During a press conference Thursday, Hennepin County Attorney Mary Moriarty announced that the ICE agent now faces two counts of second-degree assault after he allegedly flashed a gun while passing a driver on the highway. There is now a warrant out for his arrest.
The Minnesota State Patrol received a 911 call in February from the alleged victims, who said a driver pulled up next to them on the shoulder of a highway and pointed a gun at them, Moriarty said.
The ICE agent appeared to be trying “to bypass slower traffic” at the time, the county attorney claimed.

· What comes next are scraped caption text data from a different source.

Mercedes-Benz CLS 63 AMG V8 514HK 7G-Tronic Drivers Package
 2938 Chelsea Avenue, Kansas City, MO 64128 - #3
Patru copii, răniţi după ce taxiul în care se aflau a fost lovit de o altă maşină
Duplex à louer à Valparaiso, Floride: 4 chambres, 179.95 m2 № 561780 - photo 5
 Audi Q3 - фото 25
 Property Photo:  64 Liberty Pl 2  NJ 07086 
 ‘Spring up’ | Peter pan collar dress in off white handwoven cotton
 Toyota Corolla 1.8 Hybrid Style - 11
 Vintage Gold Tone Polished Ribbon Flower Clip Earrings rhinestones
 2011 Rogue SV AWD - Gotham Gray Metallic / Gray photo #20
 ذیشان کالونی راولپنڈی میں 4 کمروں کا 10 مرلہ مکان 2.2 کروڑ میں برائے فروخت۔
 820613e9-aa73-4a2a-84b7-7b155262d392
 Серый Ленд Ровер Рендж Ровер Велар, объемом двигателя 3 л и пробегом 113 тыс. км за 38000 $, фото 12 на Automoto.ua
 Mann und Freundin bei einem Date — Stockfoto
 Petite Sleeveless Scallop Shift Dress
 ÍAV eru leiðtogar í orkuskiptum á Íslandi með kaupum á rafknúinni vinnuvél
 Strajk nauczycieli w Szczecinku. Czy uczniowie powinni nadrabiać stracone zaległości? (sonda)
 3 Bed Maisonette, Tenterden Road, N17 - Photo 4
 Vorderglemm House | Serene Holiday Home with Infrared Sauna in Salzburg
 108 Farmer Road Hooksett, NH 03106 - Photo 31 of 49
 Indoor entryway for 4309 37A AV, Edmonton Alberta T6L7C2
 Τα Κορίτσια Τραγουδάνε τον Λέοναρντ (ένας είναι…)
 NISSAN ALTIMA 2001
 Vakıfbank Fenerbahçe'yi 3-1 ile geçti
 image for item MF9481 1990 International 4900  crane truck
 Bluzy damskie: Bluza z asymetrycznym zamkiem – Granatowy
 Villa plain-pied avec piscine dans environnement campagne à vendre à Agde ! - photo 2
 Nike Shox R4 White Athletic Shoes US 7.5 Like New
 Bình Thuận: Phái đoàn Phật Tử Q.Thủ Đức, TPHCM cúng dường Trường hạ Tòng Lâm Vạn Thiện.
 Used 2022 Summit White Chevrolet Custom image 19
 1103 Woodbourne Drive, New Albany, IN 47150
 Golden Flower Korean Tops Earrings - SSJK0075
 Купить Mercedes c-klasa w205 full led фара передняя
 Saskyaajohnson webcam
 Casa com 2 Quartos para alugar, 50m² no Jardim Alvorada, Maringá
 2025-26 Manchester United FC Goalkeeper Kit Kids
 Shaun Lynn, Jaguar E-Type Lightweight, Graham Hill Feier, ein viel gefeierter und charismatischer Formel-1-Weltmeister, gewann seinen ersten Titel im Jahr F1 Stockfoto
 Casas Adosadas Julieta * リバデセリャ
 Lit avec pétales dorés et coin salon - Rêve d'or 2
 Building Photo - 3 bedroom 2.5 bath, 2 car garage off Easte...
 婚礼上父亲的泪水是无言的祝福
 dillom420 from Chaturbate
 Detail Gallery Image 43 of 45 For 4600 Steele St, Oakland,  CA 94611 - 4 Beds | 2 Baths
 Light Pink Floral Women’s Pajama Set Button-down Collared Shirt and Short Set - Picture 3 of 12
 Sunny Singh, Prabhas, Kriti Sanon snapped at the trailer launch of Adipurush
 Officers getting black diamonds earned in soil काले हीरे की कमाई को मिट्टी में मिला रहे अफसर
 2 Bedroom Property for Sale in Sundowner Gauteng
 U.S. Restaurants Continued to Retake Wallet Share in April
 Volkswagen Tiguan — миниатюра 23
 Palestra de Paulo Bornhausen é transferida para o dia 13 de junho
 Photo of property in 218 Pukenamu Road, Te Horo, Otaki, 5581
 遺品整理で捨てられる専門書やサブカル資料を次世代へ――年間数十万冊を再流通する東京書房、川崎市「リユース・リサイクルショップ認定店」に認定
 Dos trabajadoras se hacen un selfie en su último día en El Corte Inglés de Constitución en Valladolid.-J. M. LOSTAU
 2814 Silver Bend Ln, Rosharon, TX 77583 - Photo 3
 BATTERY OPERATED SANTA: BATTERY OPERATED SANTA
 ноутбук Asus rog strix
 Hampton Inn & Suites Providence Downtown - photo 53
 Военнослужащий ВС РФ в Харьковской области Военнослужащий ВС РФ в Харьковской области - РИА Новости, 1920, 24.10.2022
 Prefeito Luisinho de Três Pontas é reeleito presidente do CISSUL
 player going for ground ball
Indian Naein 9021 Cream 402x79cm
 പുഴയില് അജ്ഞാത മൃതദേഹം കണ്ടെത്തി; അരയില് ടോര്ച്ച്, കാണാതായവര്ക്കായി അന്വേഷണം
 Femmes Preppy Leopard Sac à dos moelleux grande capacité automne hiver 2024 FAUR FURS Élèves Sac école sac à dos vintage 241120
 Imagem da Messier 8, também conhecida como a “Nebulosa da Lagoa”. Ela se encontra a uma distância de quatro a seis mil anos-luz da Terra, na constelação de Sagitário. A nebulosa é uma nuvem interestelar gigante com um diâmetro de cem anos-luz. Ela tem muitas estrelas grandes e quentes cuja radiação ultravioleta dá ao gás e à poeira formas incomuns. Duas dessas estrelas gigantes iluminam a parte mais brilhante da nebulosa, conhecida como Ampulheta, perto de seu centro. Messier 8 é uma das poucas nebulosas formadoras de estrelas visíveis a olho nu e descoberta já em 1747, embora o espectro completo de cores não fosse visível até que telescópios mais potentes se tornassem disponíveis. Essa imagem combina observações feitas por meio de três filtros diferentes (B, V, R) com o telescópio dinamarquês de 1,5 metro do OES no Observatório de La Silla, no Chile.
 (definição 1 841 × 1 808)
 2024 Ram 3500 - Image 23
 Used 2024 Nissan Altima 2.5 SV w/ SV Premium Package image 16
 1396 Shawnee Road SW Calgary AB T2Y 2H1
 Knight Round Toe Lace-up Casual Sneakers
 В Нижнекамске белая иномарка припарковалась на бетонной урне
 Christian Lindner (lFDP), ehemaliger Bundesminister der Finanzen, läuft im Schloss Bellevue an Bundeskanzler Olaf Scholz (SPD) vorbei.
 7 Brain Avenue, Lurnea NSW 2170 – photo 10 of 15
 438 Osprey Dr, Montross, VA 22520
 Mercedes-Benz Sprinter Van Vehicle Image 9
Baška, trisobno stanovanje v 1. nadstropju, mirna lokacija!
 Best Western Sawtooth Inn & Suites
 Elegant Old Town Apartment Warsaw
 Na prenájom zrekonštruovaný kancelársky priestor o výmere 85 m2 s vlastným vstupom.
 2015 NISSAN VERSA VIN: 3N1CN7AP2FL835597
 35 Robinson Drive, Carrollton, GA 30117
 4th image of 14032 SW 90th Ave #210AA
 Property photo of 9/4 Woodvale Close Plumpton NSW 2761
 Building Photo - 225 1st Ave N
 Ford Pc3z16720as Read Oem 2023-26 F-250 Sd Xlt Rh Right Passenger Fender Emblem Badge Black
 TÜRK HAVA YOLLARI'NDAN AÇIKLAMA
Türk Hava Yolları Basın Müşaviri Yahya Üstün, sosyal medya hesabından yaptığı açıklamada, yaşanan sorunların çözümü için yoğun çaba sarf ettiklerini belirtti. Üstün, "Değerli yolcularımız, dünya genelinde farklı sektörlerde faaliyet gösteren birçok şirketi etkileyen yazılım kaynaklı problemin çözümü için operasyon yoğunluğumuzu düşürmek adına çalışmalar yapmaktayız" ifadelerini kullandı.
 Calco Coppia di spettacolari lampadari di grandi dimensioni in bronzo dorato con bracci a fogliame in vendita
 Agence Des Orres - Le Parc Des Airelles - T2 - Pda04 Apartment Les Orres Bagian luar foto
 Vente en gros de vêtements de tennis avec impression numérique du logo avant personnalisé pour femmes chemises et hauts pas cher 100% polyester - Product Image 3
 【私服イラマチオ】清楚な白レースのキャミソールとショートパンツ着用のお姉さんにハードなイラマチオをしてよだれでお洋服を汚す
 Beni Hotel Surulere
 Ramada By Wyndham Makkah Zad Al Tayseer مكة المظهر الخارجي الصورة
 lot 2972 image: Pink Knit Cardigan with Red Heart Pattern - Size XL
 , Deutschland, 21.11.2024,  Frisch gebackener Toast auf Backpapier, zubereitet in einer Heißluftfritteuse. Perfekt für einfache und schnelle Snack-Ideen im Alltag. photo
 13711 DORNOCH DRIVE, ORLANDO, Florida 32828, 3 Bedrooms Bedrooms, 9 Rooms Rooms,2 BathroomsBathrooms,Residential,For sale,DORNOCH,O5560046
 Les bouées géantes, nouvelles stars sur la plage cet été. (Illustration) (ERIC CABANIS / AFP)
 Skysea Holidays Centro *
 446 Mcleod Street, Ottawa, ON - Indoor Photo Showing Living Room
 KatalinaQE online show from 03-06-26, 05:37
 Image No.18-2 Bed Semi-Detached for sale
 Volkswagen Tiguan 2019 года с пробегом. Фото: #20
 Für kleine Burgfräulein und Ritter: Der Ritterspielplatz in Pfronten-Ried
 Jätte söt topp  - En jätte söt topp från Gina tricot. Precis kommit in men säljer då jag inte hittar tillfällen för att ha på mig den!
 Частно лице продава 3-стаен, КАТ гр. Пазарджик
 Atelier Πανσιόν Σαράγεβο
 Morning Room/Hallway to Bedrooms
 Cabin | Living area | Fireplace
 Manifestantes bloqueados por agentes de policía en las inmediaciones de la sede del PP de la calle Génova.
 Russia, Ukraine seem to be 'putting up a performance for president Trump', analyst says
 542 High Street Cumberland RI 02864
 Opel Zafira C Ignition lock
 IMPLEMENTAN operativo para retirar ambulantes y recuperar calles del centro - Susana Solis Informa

The other driver “briefly moved their vehicle into the shoulder to slow him down,” she said.
Moriarty said that the federal agent “was driving a rented SUV with no markings or other features to indicate that it was an ICE vehicle.” When the victim moved out of the shoulder, the agent “pulled alongside the victim’s vehicle,” before he “visibly slowed his vehicle to match the pace of the victims’ vehicle, opened his window, and pointed his duty weapon directly at both victims in the other vehicle while continuing to drive illegally on the shoulder,” she said.
The driver then called 911 while the passenger began recording the incident on video, according to Moriarty.
State troopers later identified an ICE agent as the driver and interviewed him at the agency’s office in Minneapolis, the county attorney said.
The agent “admitted that he was driving the rented SUV and he and his partner were headed to the Whipple building to end their shift” and “that he drew his firearm after the victims’ vehicle had already rejoined the normal flow of traffic,” Moriarty said.
In his statement, the agent also allegedly said “he yelled ‘police’” at the victims. But the windows of the victims’ vehicle, Moriarty said, “were rolled up and they couldn’t hear” it.
The Department of Homeland Security (DHS) didn’t respond to The Daily Wire’s request for comment on the charges.
The typical jail time for each of the charges against the ICE agent is 36 months in prison, Moriarty said.
The charges follow the federal withdrawal of hundreds of federal immigration agents from Minneapolis. President Donald Trump sent his border czar Tom Homan to initiate the drawdown in January, replacing the former Border Patrol sector chief Gregory Bovino, who was known for his aggressive tactics.
Homan’s arrival came after the fatal shootings by federal immigration agents of anti-ICE activists Renee Good and Alex Pretti in Minneapolis that sparked weeks of protests. The shootings also resulted in the mass mobilization of ICE watch groups that followed federal agents and outed their locations.
During Thursday’s press conference, Moriarty recalled the Good and Pretti shootings. She also said there’s no indication the victims were part of ICE watch groups.
Moriarty characterized the accused agent’s “conduct” as “extremely dangerous,” adding that it “could’ve led to another disastrous incident in a community that has already suffered too many.”
“Our community is still navigating the effects of the federal occupation,” she said.
Asked if she’s concerned about “federal blowback” over the case, Moriarty said “it’s not a concern of ours.”